= What you are asked to do =
After locating "Dora Jar on", return its line and all lines that follow through the end of the listing below, exactly; leave out pictures.

= Recorded information =
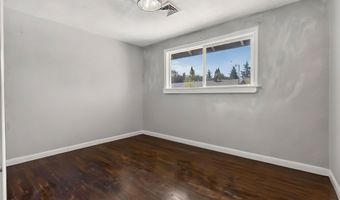 1515 W QUINALT St, Springfield, OR 97477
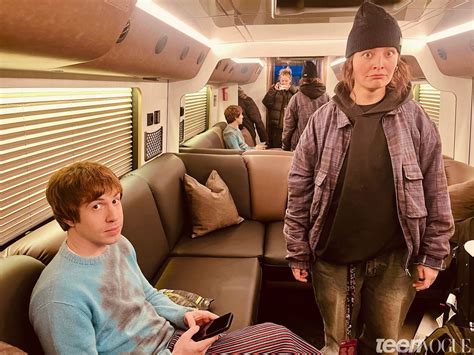 Dora Jar on Touring With Gracie Abrams, Gratitude After Fan Petition ...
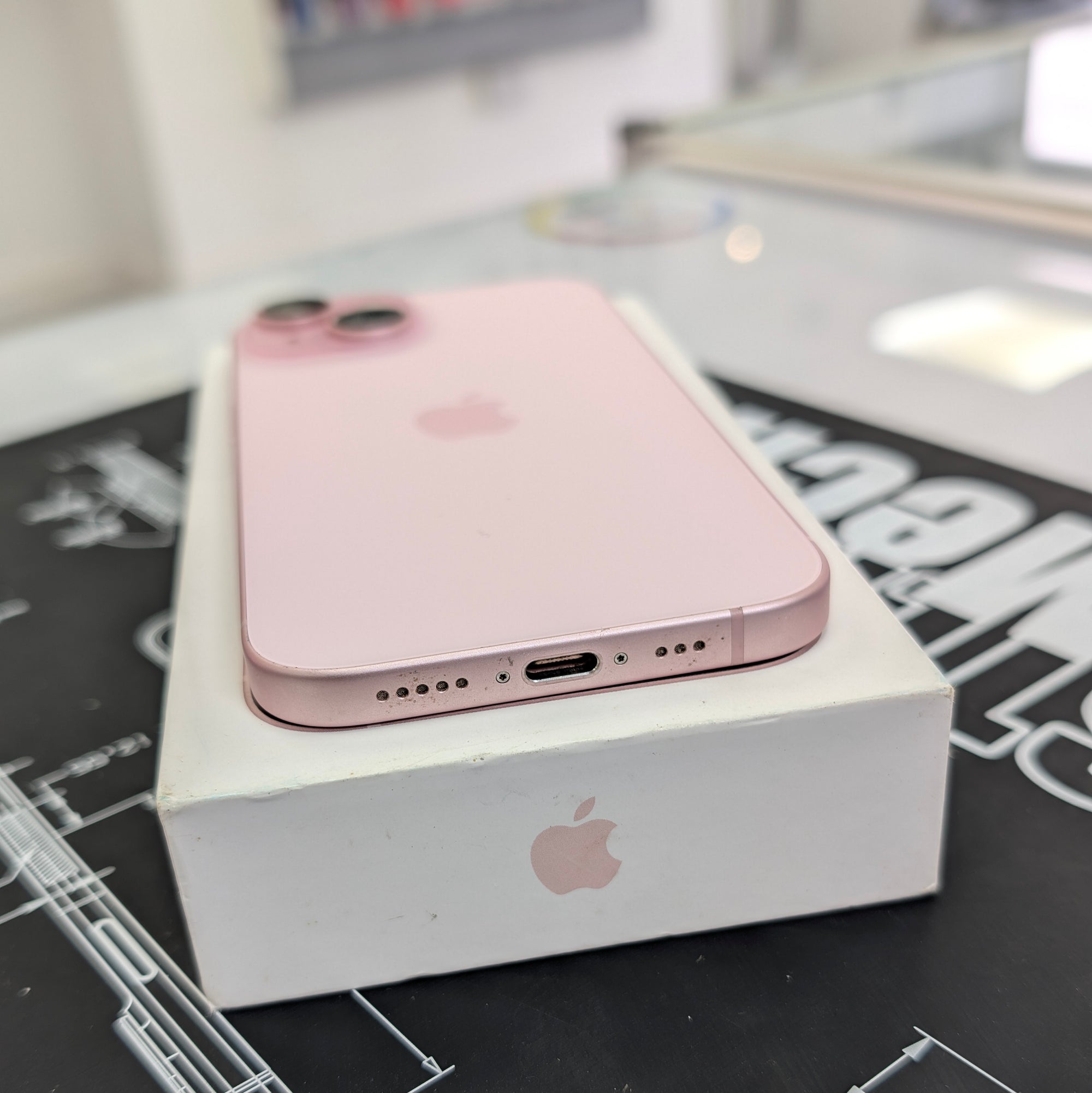Apple iPhone 15 128GB Pink 100% Battery Health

= Written solution =
 Dora Jar on Touring With Gracie Abrams, Gratitude After Fan Petition ...
Apple iPhone 15 128GB Pink 100% Battery Health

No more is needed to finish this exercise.